Paper long abstract:
The Basque Country provides a particularly fascinating context in which to explore the concept and construction of multiculturalism in contemporary society. Spanish Basque society, a society which constantly confronts the need to define and re-define its cultural and political identities, is also a space where culture has been constructed in relation to -and sometimes rejection of - the migratory movements of both the Basques themselves and other peoples in and out of the Basque community. The dynamics of these movements are complex in cultural terms and contribute to a fertile field for new debates and negotiation of meanings with regard to the new situations emerging from the recent influx of groups of migrants from outside the European Union.

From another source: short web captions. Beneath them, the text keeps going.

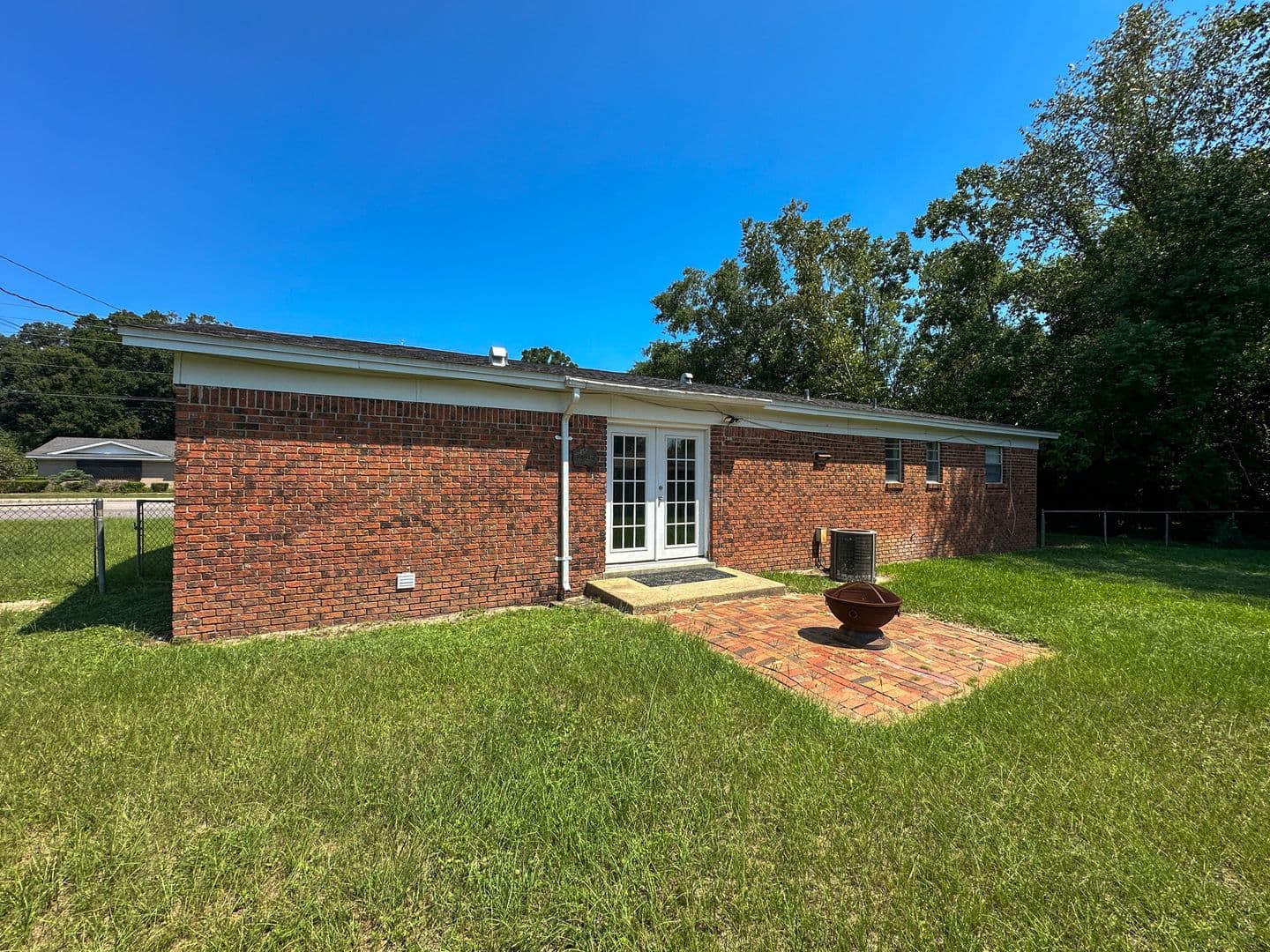 Pensacola House: 279 Airport Blvd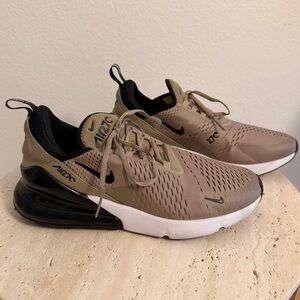 Nike Air Max 270 Men’s Sneakers
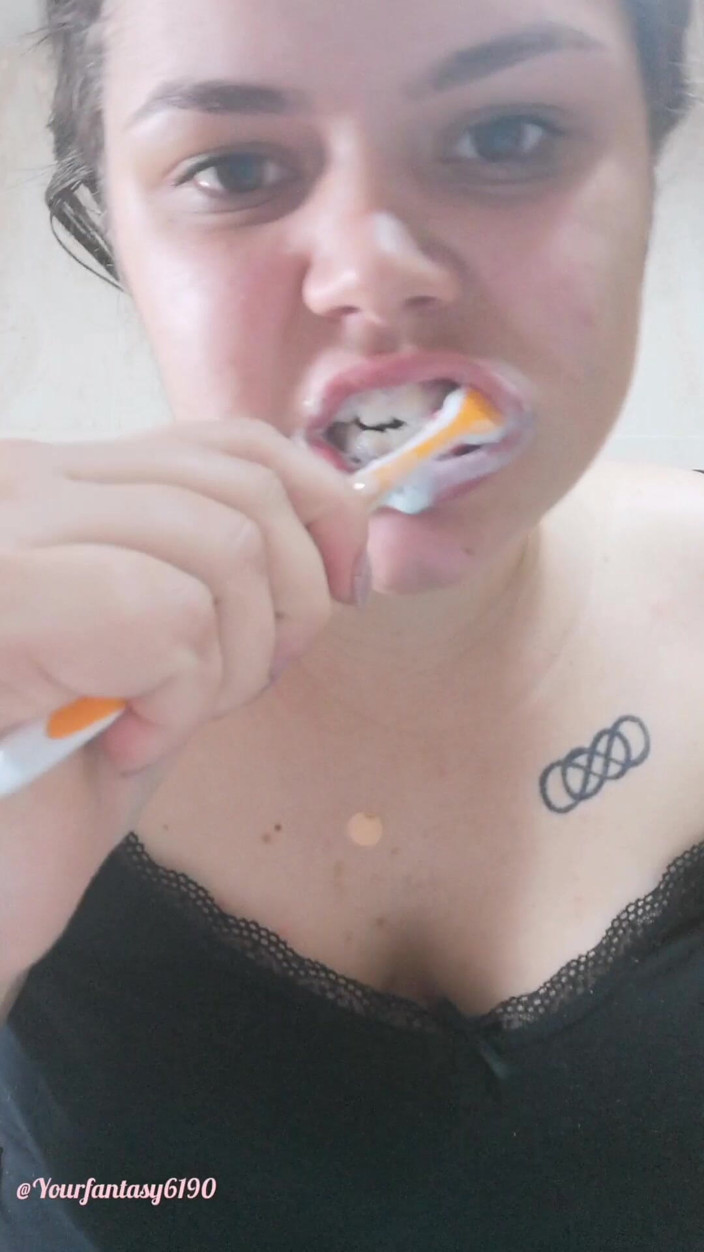 Your fantasy studio: Brushing My Teeth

This paper draws on the ethnographies produced by two different research projects undertaken in the past three years, both in relation to gender and migration in the Spanish Basque Country. One project which carried the title "Individual and collective integration strategies of migrants in Basque society" was funded by the University of the Basque Country and conducted by a team of professors and researchers from the Department of Social Anthropology. The other, titled "Ways of life and expectations for the future of migrant women in Araba and Gipuzkoa", was carried out with a grant from the Department of Justice, Employment and Social Security of the Basque Government.
Considering gender to be a fundamental dimension of the multicultural debate, I look especially at the interweaving of gender-specific variables in the interrelation between "culture", economic status and ethnic identity. Departing from the "invisibility" of women in many migration and multicultural studies, our field work served to emphasize the contrast between the representations of marginality and the active role which female migrants play in Basque society. Looking at the feminization of migration into Spain and the Basque Country and linking women's social status to their position in the labour market, we find most of the women migrating to the Basque Autonomous Community are entering the submerged sector of the economy through domestic service, care work, waitressing and prostitution. As well as being victims of a triple discrimination - on account of class, gender and ethnicity- these circumstances also raise different questions with regard to gender and culture.
An interesting aspect of the multicultural configuration is the notion of citizenship and the way it is expressed in the migration laws and policies drawn up by Spain and the Basque Country. We find the representation of migrants in the Spanish migration laws are contested to some extent by the rather utopian notions of citizenship contained in the programmes drawn up by the area of immigration of the local Basque Government.
Public policies on equality also furnish us with examples of the contradictions inherent in the attempts to project a model of equality in a culturally and economically unequal society. One such example is the paradoxical situation in which local women become the employers of migrant women in their own homes in order to take a place on the labour market themselves, often eschewing the complexity of family and professional conciliation.
The richness of the debate lies in the combination of the different aspects of change in contemporary Basque society and the diverse factors which are brought into play in the attempt to integrate people from a multiplicity of backgrounds into an ideal "Basque culture" where there is at the same time equality for both women and men and respect for all.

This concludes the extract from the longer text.